Nefeli Papadakis’ Olympic Run
In or out of the Olympics yet, Papadakis is preparing as if she’s already on the team and preparing to compete in the Olympics. Competing at the highest level in the sport of judo requires complete dedication and preparedness. It’s not just being prepared physically, but mentally, Papadakis has to be perfectly sharp as well.
“I’m doing everything in my power to train my body and brain. A big part of my preparation is obviously being in top physical shape and as sharp as possible with my techniques. But another crucial part of me achieving my goals for Olympic gold is to gain as much experience and knowledge as possible before the games. Whatever holes I have in my game, I’m trying to fix and perfect before Tokyo so I can be as prepared as possible. I also am doing my homework on what my opponents strengths and weaknesses are so I know what I’m getting into before fighting every match.”
Memories that last
With having spent so much time in the sport, there are so many amazing memories had for Nefeli Papadakis. She could not narrow it down to just one thing. She recounted several memories coming up through the judo circuits.
“Oh man, it’s hard to narrow it down just one favorite memory of my judo career! Growing up would have to be taking 5th place at the Cadet World Championships in 2015. Although I was only 17, it was a big moment for me because it gave me a lot of hope and confidence. I knew that I could do it, and that I had it in me to be great. I just had to push a little harder to get to the podium on the world stage.”

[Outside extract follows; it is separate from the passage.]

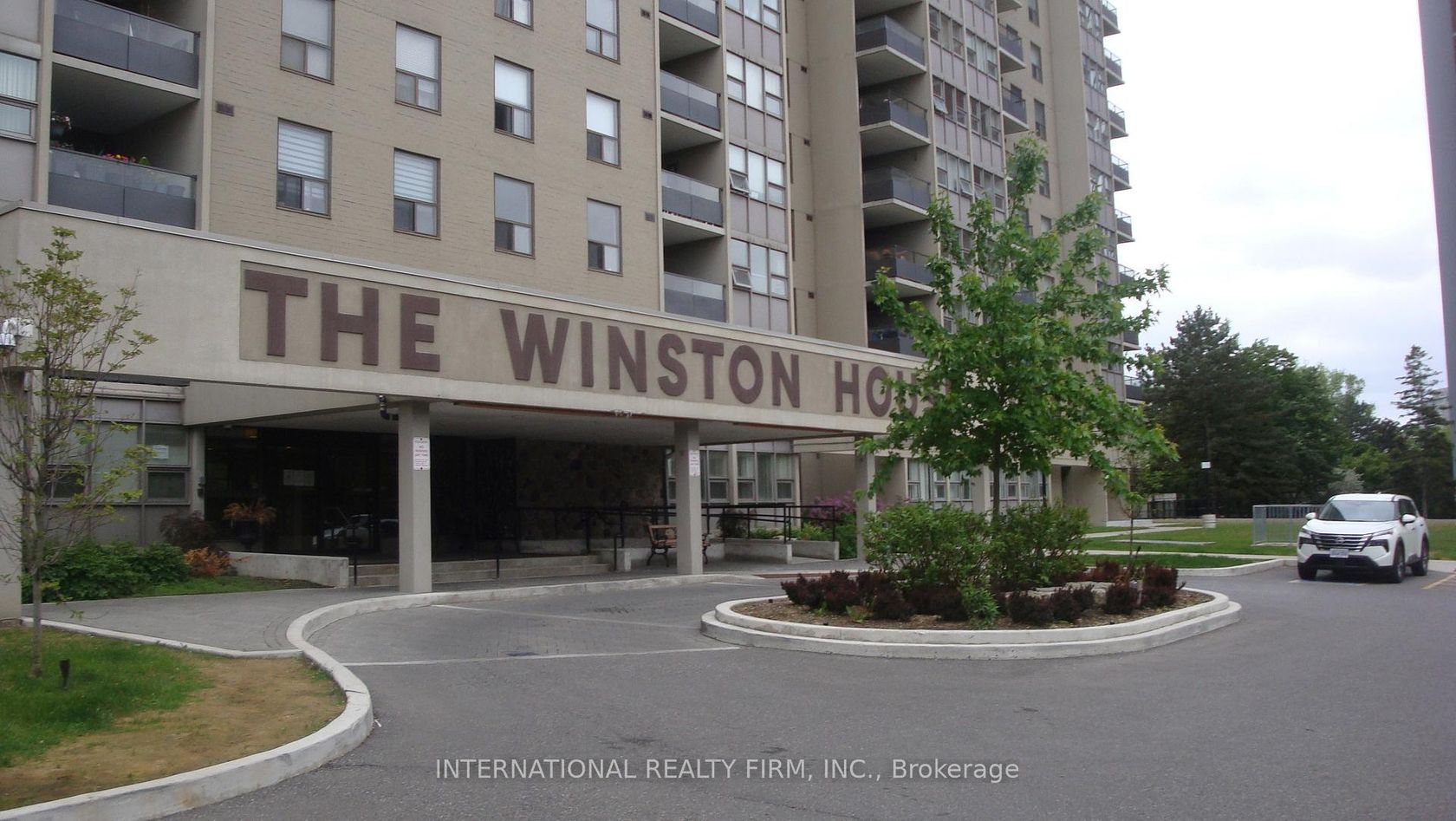 503 - 75 Emmett Avenue, Mount Dennis, Toronto by Loree Meneguzzi Real Estate 503 - 75 Emmett Avenue, Mount Dennis, Toronto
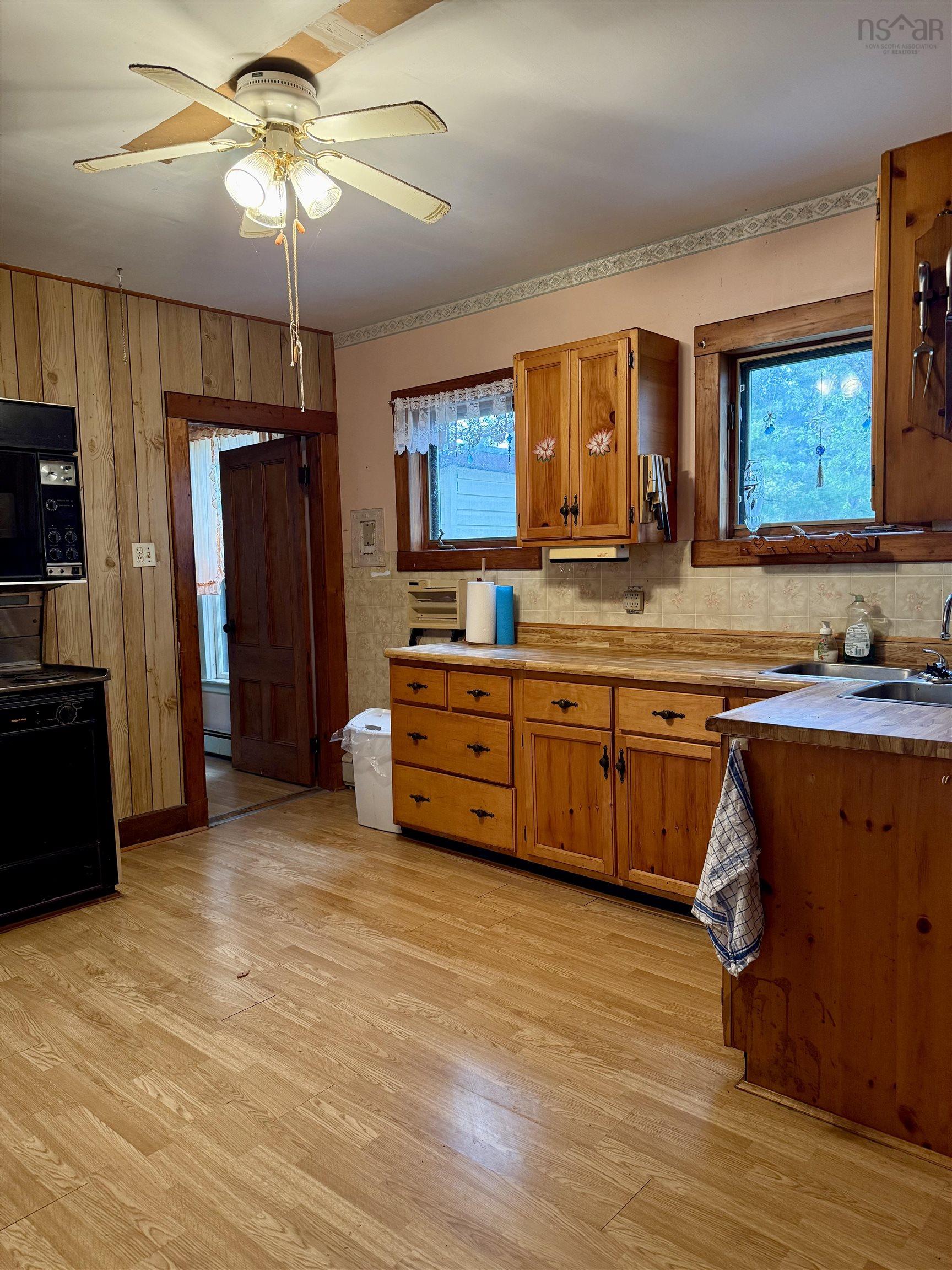 $149,900.00: 316 Highway 3, Sable River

“Two more current favorite memories of mine would be taking my first medal at the Senior Pan American Championships, bronze, in 2019 and making my first finals block at a grand prix in Antalya, Turkey. Although I lost that bronze medal match and took 5th place in the end, it was a big moment for me because I was really out there by myself. We had no coach sent to this event so all the athletes had each others’ backs and I was at the tournament with just a few other teammates yelling for me and helping coach/support me at that event. When I was fighting in the bronze medal match, the camera man zoomed in on my teammates coaching me from the stands since I was without a coach, and I thought that was pretty cool. It was a really good feeling knowing they had my back and I’m forever grateful to them for it. This moment also gave me hope that I was capable of fighting and ‘could hang’ with the best at the senior level, I just had to push a little bit more to finally make the podium.”
Papadakis also practices Brazilian jiu jitsu as well. She feels it compliments here grappling skillset currently already honed.
“I do practice other martial arts, I’m actually a purple belt in Brazilian jiu jitsu! I enjoy it a lot because it complements judo well and grappling is really fun to me.”
Nefeli Papadakis will hopefully be announced for Team USA in judo soon. With all her hard work, the entire country and American judo community will be pulling for her during the 2020 Tokyo Olympics.